Meghan Markle Opens Up About Her Heartbreaking Miscarriage

In a revealing piece in The New York Times, Duchess of Sussex, Meghan Markle openly discusses the "pain and grief" of a miscarriage she experienced in July. She opens the piece by describing an ordinary summer morning, during which she'd awoken, made breakfast, taken her vitamins, and gone to get her young son Archie from his crib. Upon picking him up, she felt a sharp cramp and sunk to the floor, singing a lullaby to comfort both herself and the little boy in her arms. She says she new in that moment that something was "not right."

"The cheerful tune [was] a stark contrast to my sense that something was not right," she wrote. "Hours later, I lay in a hospital bed, holding my husband's hand. I felt the clamminess of his palm and kissed his knuckles, wet from both our tears ... Staring at the cold white walls, my eyes glazed over. I tried to imagine how we'd heal."

Why Meghan Markle went public with the devastating news of her miscarriage

Meghan's decision to go public with the pain she and her family experienced this past summer was twofold: First, to encourage the lifting of the stigma surrounding miscarriage; and second, to encourage our collective empathy for one another as the holidays approach during what is, for many, an unprecedentedly difficult year.

"In the pain of our loss," she wrote, "my husband and I discovered that in a room of 100 women, 10 to 20 of them will have suffered from miscarriage. Yet despite the staggering commonality of this pain, the conversation remains taboo, riddled with (unwarranted) shame, and perpetuating a cycle of solitary mourning." She went on to praise others who have shared their stories, saying, "Some have bravely shared their stories; they have opened the door, knowing that when one person speaks truth, it gives license for all of us to do the same."
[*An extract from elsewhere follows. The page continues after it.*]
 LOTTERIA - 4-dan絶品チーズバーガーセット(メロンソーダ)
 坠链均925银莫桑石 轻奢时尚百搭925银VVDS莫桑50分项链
Further, she asks that we all check in with the people we love this season, saying that "loss and pain have plagued every one of us in 2020," and urges readers to "commit to asking others, 'are you OK?'" over the Thanksgiving holiday in the U.S." Meghan and Harry are U.S. residents these days, living in California since stepping down as senior royals in January. Per the BBC, a spokesman for Buckingham Palace said, "It's a deeply personal matter we would not comment on."